■ About this task: All lines from the one that contains "Burgundy Red Passion" through the close of the entries below are to be repeated exactly, without any pictures.

Brief descriptive captions
--- START ---

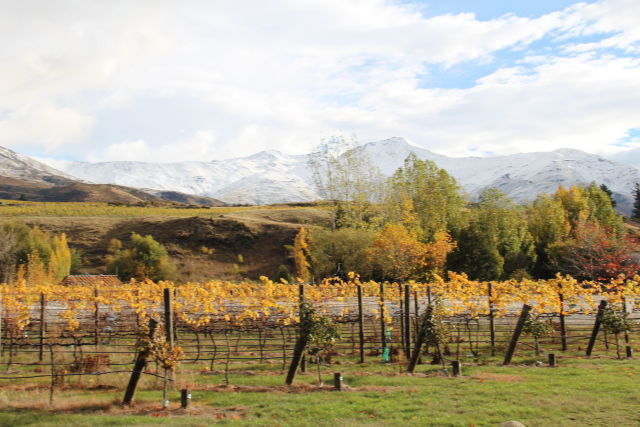 Kawarau vineyards 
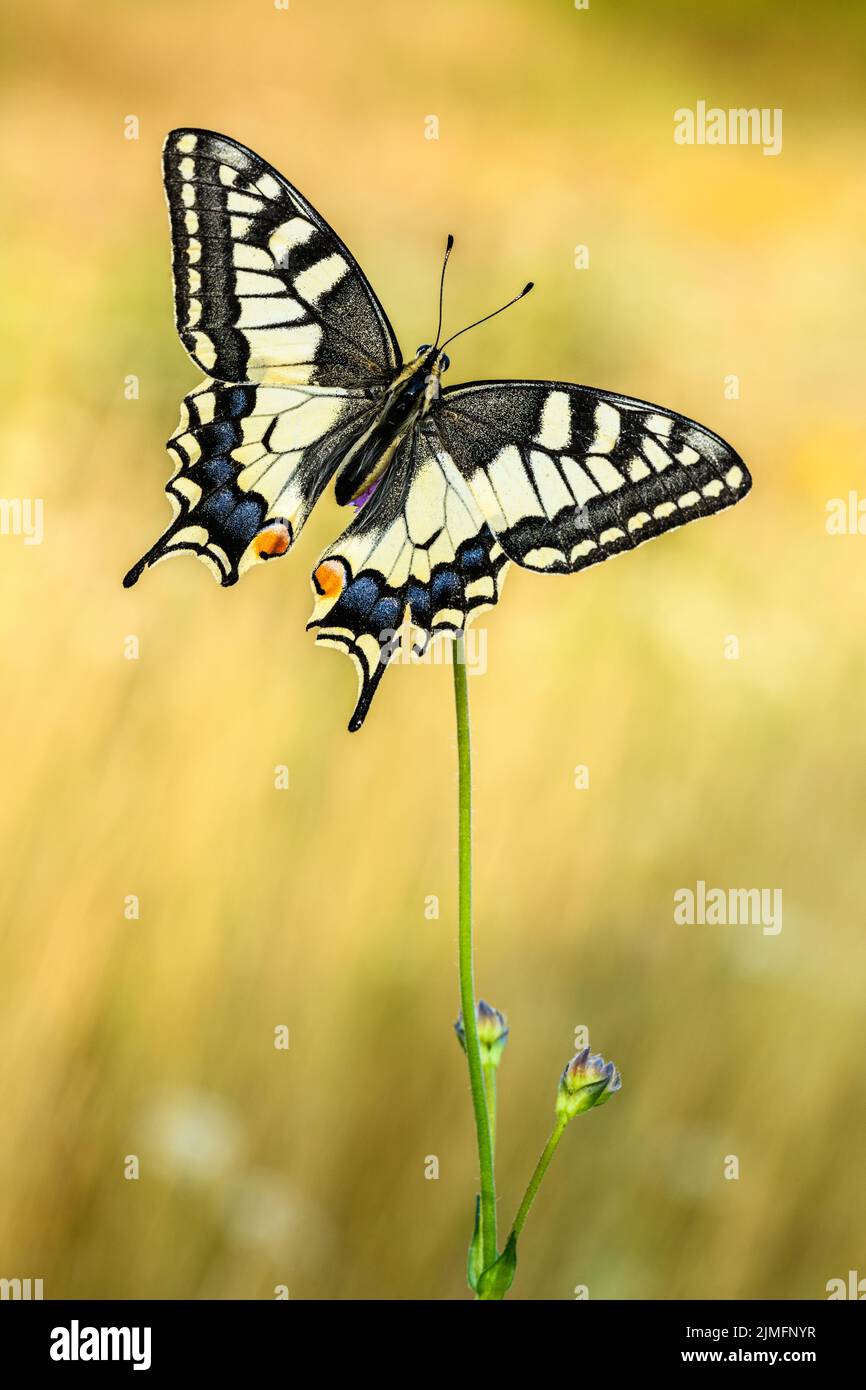 Dovetail caterpillar hi-res stock photography and images - Alamy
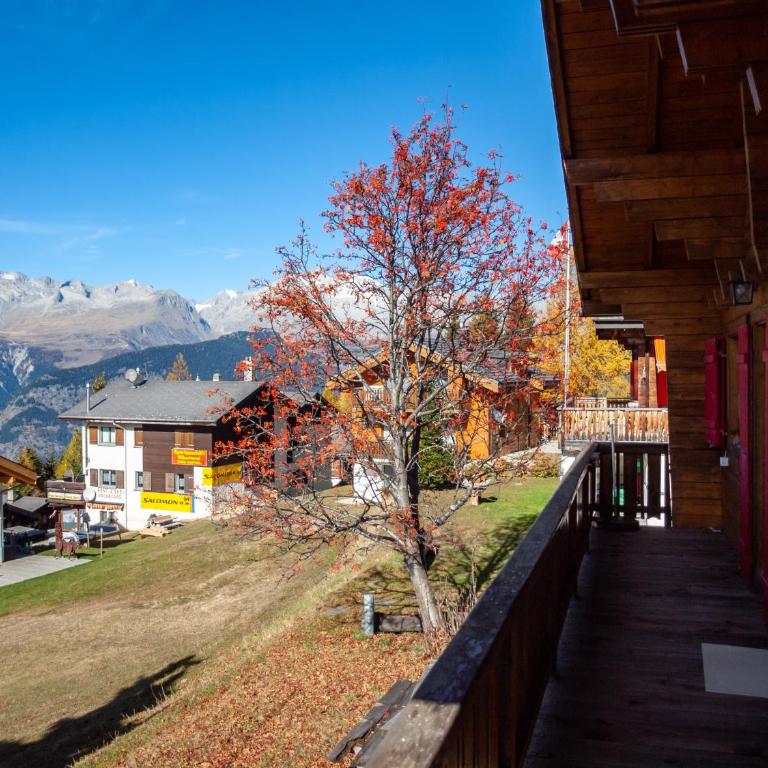 Chalet Elisabeth - Apartment mit Blick auf die Berge - 25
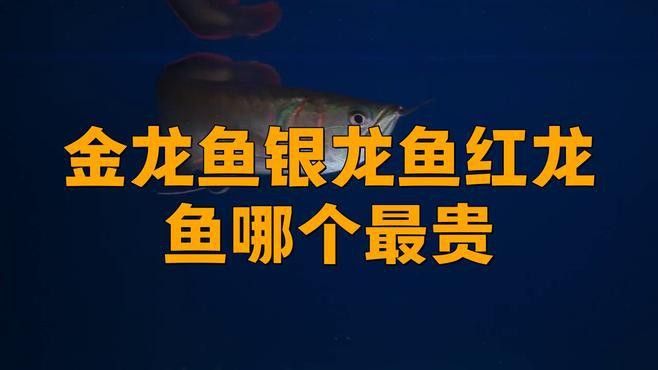 過背金龍和紅龍哪個更值錢？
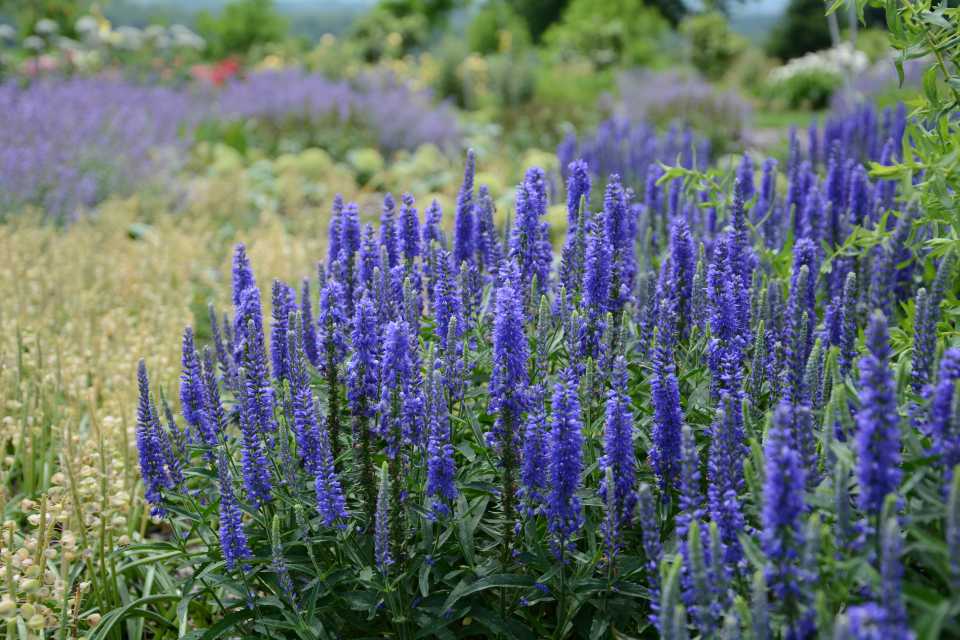 Veronica Moody Blues DarkBlue (Darwin Perennials) new perennial plants
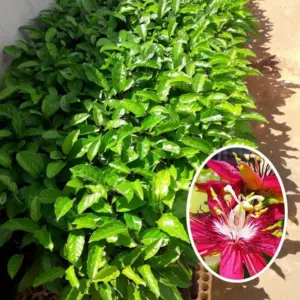 Burgundy Red Passion Flower Plant Live 5-8 Inch Tall Passiflora Vine Fragrant Climbing Plant for Garden Trellis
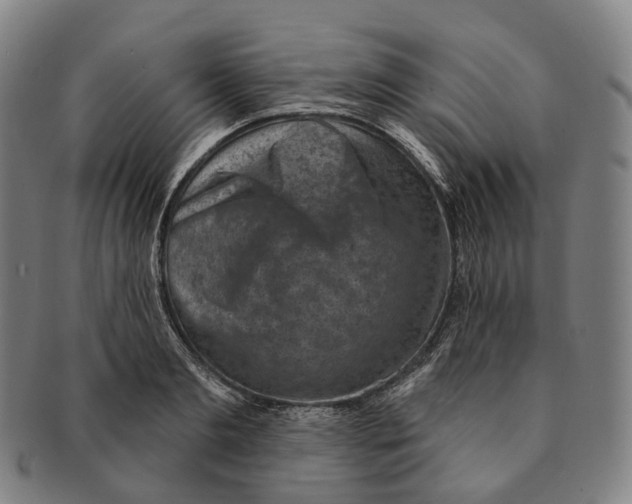 X0000091000893200708301332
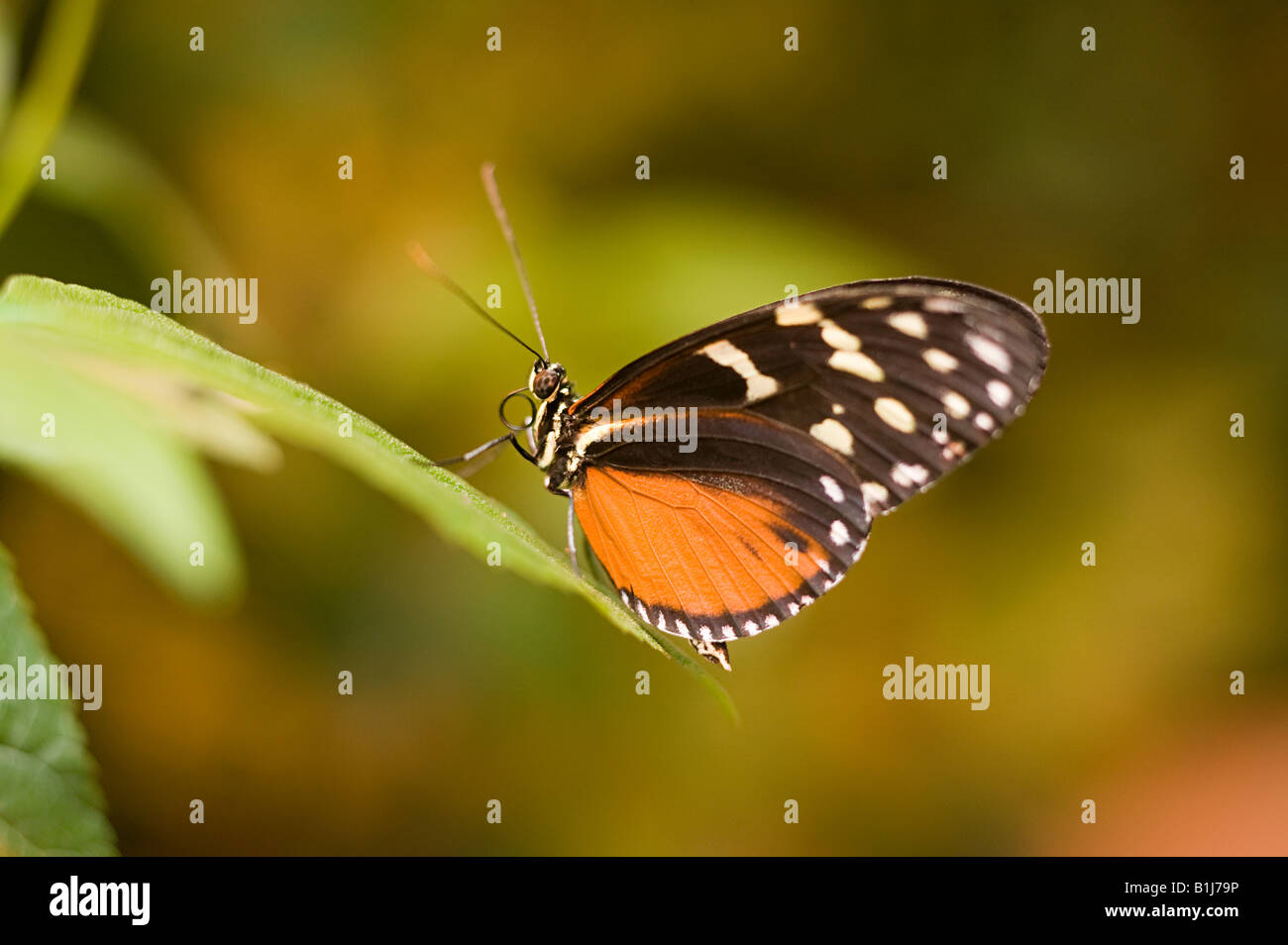 Butterfly b. Бабочка длиннокрылая Зебра. Зебра длиннокрылая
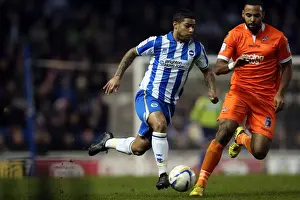 Millwall - 18-12-2012 Prints: Brighton & Hove Albion's Liam Bridcutt in Action Against Millwall, December 18, 2012
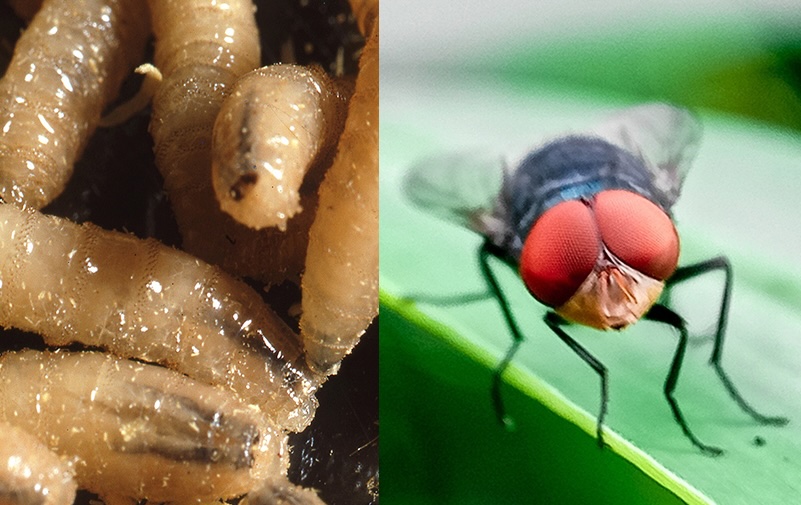 Keep an eye out for nasty flesh-eating screwworms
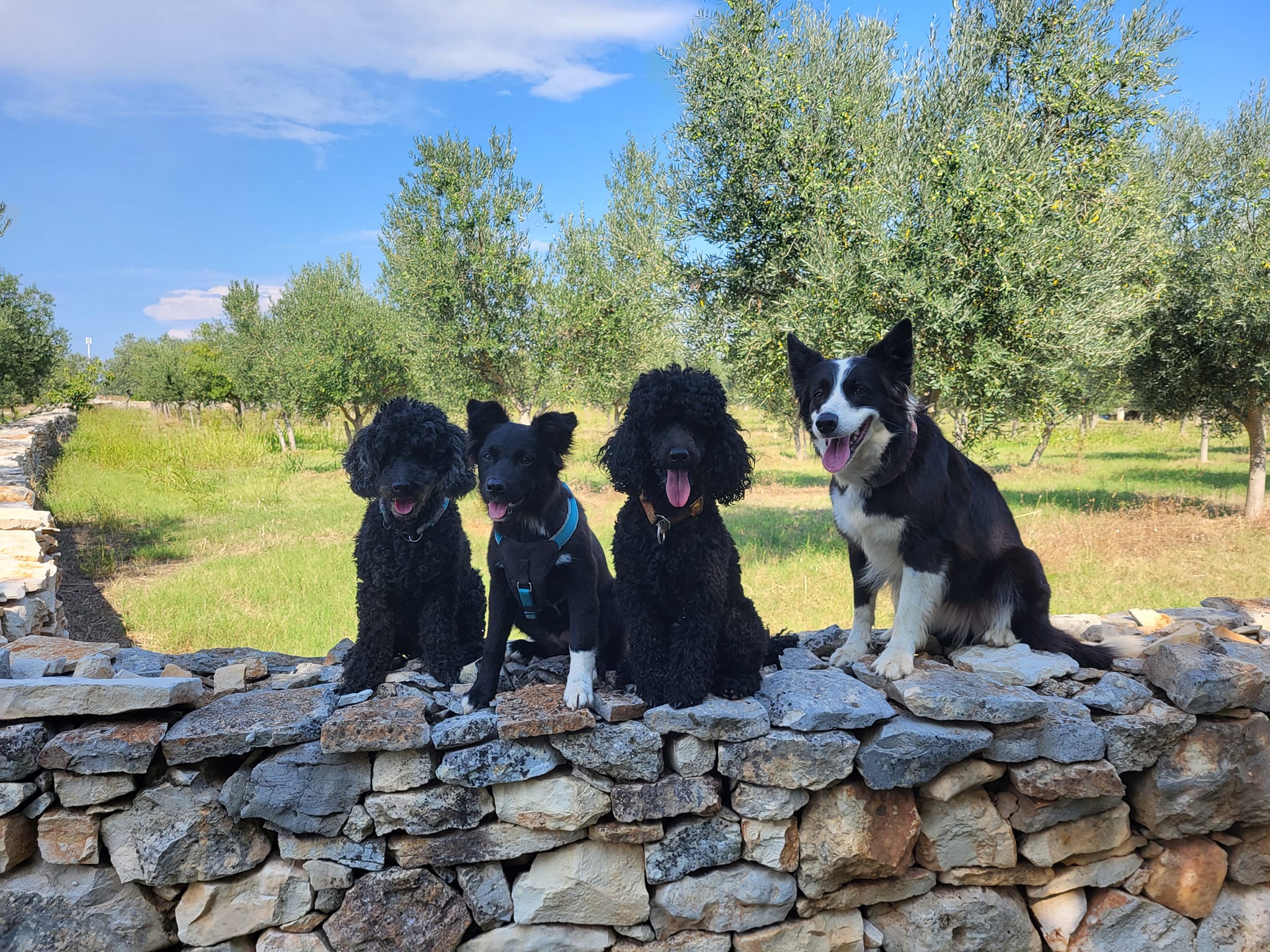 Hunde in Kroatien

--- END ---

■ Result of this exercise:
 Burgundy Red Passion Flower Plant Live 5-8 Inch Tall Passiflora Vine Fragrant Climbing Plant for Garden Trellis
 X0000091000893200708301332
 Butterfly b. Бабочка длиннокрылая Зебра. Зебра длиннокрылая
 Millwall - 18-12-2012 Prints: Brighton & Hove Albion's Liam Bridcutt in Action Against Millwall, December 18, 2012
 Keep an eye out for nasty flesh-eating screwworms
 Hunde in Kroatien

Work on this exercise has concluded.